-- ASSIGNMENT --
Pictures are not part of the answer. Write out exactly the lines from the one containing "living room featuring" through the end of the material below.

BEGIN INFORMATION SHOWN

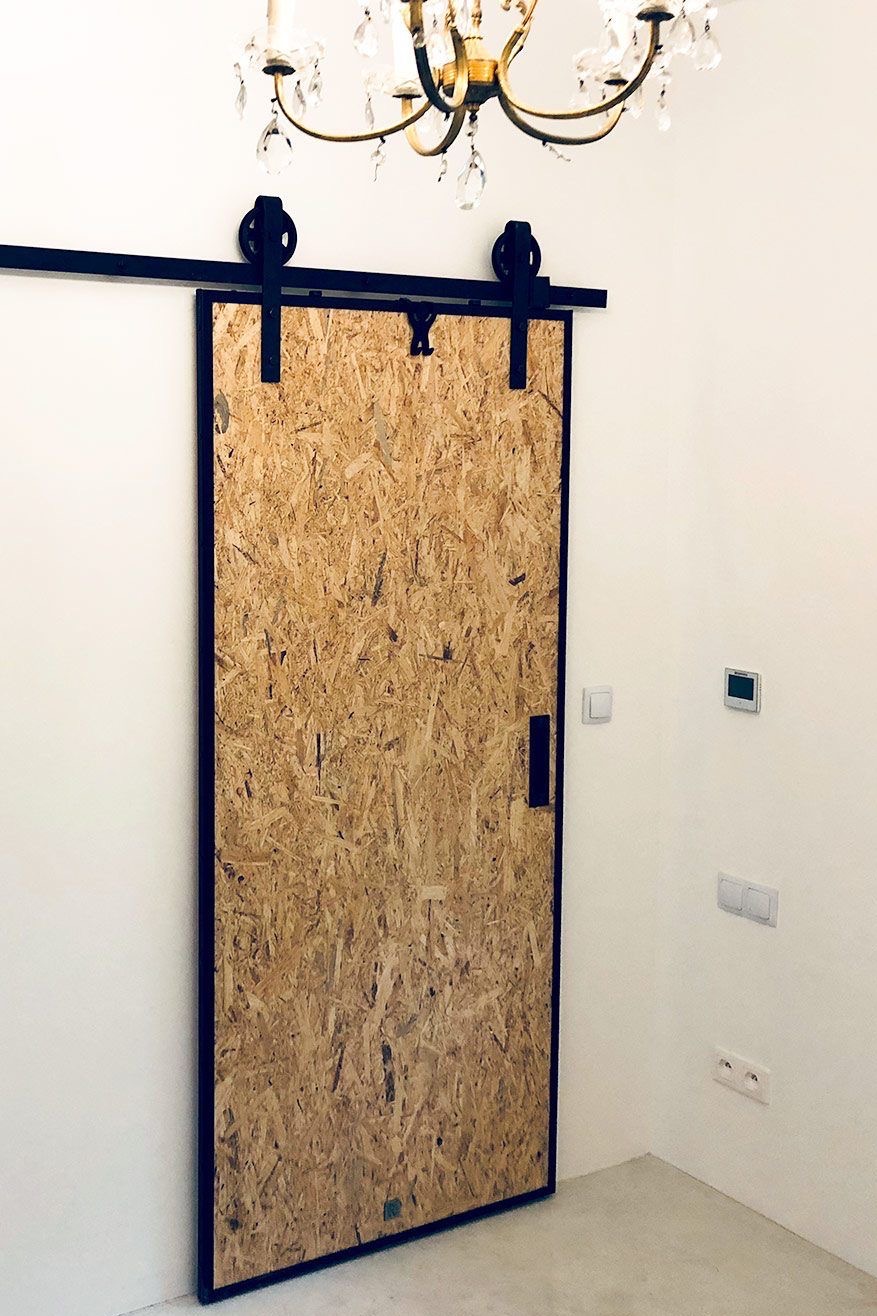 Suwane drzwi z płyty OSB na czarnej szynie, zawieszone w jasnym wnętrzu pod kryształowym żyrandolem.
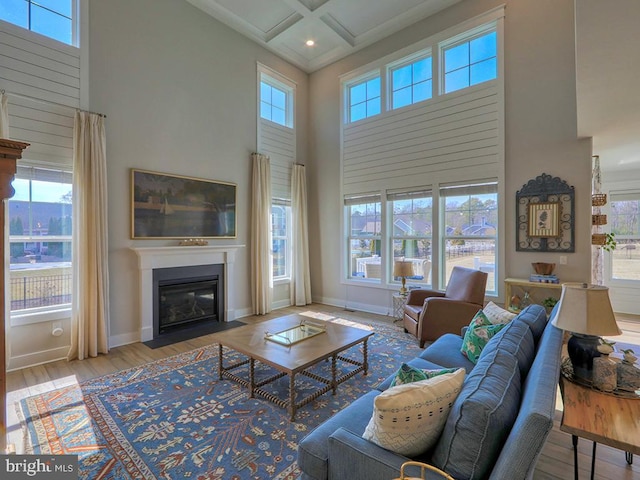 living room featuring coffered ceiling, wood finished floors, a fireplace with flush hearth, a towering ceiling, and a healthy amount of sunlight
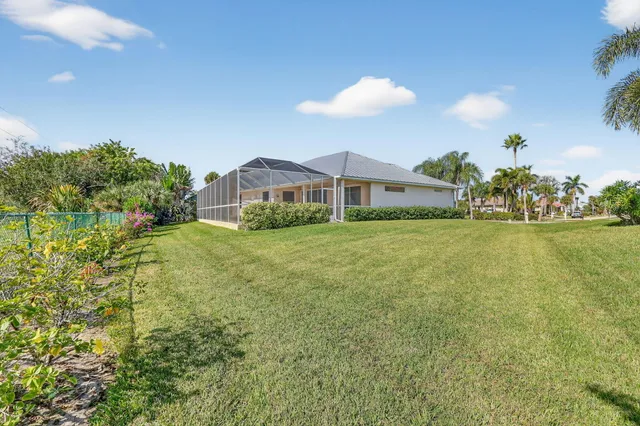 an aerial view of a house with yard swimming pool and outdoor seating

END INFORMATION SHOWN

-- TASK RESPONSE --
 living room featuring coffered ceiling, wood finished floors, a fireplace with flush hearth, a towering ceiling, and a healthy amount of sunlight
 an aerial view of a house with yard swimming pool and outdoor seating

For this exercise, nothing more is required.